--- RECORDS TO USE Enclosed Below ---

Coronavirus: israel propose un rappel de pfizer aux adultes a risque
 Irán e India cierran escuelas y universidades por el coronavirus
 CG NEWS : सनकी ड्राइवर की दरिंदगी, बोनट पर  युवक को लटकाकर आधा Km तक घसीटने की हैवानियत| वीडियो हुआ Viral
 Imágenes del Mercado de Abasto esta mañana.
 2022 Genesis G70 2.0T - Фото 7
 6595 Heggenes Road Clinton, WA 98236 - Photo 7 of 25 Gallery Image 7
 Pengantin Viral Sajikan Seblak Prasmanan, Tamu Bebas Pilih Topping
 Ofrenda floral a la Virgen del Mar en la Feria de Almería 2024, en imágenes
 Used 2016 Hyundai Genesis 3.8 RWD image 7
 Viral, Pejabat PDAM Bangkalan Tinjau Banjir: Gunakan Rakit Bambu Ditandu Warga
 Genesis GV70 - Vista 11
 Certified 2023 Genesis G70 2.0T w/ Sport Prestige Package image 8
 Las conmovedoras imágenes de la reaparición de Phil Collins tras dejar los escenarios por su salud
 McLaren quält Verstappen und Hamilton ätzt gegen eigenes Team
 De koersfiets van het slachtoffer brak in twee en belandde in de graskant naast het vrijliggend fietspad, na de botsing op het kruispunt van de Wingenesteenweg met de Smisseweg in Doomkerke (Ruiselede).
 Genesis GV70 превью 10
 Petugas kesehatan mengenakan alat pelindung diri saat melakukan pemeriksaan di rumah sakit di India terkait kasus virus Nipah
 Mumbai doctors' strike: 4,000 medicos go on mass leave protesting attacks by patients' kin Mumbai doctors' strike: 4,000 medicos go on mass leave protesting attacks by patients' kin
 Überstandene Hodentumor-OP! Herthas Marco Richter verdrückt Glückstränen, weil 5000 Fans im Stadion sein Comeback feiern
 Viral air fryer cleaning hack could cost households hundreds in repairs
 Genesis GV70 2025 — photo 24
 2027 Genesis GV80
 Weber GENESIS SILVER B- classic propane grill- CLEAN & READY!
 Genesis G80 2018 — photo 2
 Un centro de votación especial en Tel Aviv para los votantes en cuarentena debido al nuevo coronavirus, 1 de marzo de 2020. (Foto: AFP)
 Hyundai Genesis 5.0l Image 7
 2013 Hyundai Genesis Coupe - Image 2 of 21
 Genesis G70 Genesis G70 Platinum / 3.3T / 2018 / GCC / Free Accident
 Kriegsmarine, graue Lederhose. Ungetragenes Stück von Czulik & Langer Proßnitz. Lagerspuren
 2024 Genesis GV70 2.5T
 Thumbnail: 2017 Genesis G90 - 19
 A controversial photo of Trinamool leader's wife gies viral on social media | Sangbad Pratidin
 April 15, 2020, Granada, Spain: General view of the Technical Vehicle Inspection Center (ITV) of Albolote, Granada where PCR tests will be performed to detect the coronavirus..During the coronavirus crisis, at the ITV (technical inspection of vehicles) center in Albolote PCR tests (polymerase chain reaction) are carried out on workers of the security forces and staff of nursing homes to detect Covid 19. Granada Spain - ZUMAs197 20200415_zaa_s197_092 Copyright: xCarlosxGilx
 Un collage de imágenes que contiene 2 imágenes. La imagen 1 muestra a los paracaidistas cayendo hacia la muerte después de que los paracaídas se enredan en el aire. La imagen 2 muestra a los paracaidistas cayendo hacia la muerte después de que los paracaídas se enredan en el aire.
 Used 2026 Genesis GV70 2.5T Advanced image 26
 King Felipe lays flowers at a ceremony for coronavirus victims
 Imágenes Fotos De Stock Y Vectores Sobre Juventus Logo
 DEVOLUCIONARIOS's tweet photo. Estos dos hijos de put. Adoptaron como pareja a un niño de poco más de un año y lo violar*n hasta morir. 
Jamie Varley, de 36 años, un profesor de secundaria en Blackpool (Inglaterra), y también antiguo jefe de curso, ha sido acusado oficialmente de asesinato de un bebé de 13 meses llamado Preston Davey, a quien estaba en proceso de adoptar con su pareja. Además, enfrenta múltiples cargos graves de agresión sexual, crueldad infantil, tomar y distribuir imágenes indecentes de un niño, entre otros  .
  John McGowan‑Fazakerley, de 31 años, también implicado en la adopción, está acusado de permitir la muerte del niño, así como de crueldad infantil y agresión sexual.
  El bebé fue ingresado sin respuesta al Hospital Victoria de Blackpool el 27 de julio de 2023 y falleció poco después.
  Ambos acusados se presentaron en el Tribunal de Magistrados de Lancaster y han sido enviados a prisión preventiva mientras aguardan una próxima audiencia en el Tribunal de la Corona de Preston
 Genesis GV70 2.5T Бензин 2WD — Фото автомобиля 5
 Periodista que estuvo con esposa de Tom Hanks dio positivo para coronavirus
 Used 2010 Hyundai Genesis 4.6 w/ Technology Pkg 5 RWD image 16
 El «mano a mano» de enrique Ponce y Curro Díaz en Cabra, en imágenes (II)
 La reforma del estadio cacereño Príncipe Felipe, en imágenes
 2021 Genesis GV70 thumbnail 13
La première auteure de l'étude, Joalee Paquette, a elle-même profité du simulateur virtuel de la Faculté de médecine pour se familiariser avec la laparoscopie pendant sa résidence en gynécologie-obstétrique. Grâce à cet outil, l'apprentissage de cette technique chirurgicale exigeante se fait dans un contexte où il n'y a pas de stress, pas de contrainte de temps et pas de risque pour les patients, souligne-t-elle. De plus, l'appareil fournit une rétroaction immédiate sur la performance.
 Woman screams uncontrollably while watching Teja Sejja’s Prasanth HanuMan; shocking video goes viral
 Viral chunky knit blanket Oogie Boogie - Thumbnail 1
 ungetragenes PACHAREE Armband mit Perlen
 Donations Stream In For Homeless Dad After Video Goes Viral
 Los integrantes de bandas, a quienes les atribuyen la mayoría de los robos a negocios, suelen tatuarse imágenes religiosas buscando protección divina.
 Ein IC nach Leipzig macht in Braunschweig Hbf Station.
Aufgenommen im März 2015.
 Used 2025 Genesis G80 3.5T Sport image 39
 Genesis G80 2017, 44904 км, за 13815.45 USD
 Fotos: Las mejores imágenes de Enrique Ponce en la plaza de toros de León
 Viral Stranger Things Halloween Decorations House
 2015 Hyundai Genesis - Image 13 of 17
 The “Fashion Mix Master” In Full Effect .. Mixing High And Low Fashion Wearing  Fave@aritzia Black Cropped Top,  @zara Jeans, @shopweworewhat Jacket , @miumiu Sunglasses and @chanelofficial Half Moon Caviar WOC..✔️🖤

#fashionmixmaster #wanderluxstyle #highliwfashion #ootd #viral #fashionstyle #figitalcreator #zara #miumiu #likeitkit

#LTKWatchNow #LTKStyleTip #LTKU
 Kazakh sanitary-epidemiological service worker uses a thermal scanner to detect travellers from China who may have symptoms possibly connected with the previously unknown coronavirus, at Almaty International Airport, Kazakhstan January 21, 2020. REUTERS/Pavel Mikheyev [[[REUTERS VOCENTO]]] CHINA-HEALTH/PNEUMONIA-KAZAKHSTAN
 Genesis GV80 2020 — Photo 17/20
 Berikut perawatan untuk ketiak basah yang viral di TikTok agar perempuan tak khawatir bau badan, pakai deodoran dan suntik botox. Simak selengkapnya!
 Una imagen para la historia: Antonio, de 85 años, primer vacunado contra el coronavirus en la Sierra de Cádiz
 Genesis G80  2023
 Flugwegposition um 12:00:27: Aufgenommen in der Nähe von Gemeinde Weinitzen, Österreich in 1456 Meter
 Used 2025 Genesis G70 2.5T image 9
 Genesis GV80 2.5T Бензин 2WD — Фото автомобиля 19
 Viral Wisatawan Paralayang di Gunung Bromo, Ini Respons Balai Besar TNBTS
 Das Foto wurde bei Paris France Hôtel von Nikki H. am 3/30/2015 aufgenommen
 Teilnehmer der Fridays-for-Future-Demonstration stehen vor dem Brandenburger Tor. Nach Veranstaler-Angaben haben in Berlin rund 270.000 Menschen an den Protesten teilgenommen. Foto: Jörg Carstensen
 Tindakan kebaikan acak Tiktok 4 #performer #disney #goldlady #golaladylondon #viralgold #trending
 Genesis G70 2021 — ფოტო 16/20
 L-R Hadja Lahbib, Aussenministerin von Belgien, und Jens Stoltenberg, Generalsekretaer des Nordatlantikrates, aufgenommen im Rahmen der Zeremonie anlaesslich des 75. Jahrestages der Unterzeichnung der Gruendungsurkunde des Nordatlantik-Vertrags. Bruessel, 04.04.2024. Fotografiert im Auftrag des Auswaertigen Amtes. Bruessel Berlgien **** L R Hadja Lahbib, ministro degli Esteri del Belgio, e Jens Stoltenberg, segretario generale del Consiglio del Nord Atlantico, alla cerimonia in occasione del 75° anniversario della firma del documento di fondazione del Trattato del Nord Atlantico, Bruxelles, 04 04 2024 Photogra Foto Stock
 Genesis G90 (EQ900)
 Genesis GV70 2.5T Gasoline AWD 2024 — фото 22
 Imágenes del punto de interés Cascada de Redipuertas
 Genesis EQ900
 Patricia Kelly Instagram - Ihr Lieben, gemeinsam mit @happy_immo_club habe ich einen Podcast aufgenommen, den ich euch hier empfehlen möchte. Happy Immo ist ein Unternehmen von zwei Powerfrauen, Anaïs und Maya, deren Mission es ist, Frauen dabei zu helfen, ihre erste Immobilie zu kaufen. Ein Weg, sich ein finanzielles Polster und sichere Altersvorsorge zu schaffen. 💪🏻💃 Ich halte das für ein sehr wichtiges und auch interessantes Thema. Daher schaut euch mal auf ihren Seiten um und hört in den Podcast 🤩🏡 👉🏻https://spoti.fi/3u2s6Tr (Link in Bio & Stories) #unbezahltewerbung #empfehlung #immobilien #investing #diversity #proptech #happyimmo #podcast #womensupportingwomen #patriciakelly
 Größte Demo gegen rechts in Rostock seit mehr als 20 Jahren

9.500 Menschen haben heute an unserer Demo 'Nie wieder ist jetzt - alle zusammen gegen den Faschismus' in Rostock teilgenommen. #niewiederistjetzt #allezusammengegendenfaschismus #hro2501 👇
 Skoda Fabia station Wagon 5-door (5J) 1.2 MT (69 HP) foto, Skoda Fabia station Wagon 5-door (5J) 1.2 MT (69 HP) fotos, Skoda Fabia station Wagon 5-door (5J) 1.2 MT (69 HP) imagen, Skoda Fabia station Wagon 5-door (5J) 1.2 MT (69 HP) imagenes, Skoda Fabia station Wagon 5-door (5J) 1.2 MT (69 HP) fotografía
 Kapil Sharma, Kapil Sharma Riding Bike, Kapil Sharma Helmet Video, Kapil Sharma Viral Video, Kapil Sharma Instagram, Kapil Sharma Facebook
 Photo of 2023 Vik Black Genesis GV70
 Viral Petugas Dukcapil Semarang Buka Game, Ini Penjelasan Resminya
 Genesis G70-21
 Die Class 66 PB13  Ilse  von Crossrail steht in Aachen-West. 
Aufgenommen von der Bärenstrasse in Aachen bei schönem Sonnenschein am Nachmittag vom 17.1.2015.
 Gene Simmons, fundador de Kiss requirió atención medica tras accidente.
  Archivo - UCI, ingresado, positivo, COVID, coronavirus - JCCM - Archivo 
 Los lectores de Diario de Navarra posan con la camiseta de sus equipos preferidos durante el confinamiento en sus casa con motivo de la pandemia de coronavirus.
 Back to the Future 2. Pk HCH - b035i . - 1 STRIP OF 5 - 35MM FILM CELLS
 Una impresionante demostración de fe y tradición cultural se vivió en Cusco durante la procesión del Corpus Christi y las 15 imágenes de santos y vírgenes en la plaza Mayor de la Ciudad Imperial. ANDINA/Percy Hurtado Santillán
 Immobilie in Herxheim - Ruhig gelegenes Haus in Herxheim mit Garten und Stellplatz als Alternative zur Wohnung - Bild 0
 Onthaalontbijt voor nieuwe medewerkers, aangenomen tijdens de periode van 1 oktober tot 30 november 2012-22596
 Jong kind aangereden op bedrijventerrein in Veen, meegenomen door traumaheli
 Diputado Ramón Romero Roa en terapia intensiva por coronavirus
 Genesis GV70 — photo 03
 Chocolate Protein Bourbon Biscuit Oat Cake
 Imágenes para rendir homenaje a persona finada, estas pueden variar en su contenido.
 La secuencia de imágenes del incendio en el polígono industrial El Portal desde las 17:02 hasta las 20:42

--- End of Enclosed RECORDS TO USE ---

- _WORK INSTRUCTION_:
From the data above, output only the lines between the line containing "Genesis GV70 2.5T Бензин" and the line containing "Aufgenommen im März 2015.", inclusive, exactly as written.

- _TASK ANSWER_:
 Genesis GV70 2.5T Бензин 2WD — Фото автомобиля 5
 Periodista que estuvo con esposa de Tom Hanks dio positivo para coronavirus
 Used 2010 Hyundai Genesis 4.6 w/ Technology Pkg 5 RWD image 16
 El «mano a mano» de enrique Ponce y Curro Díaz en Cabra, en imágenes (II)
 La reforma del estadio cacereño Príncipe Felipe, en imágenes
 2021 Genesis GV70 thumbnail 13
La première auteure de l'étude, Joalee Paquette, a elle-même profité du simulateur virtuel de la Faculté de médecine pour se familiariser avec la laparoscopie pendant sa résidence en gynécologie-obstétrique. Grâce à cet outil, l'apprentissage de cette technique chirurgicale exigeante se fait dans un contexte où il n'y a pas de stress, pas de contrainte de temps et pas de risque pour les patients, souligne-t-elle. De plus, l'appareil fournit une rétroaction immédiate sur la performance.
 Woman screams uncontrollably while watching Teja Sejja’s Prasanth HanuMan; shocking video goes viral
 Viral chunky knit blanket Oogie Boogie - Thumbnail 1
 ungetragenes PACHAREE Armband mit Perlen
 Donations Stream In For Homeless Dad After Video Goes Viral
 Los integrantes de bandas, a quienes les atribuyen la mayoría de los robos a negocios, suelen tatuarse imágenes religiosas buscando protección divina.
 Ein IC nach Leipzig macht in Braunschweig Hbf Station.
Aufgenommen im März 2015.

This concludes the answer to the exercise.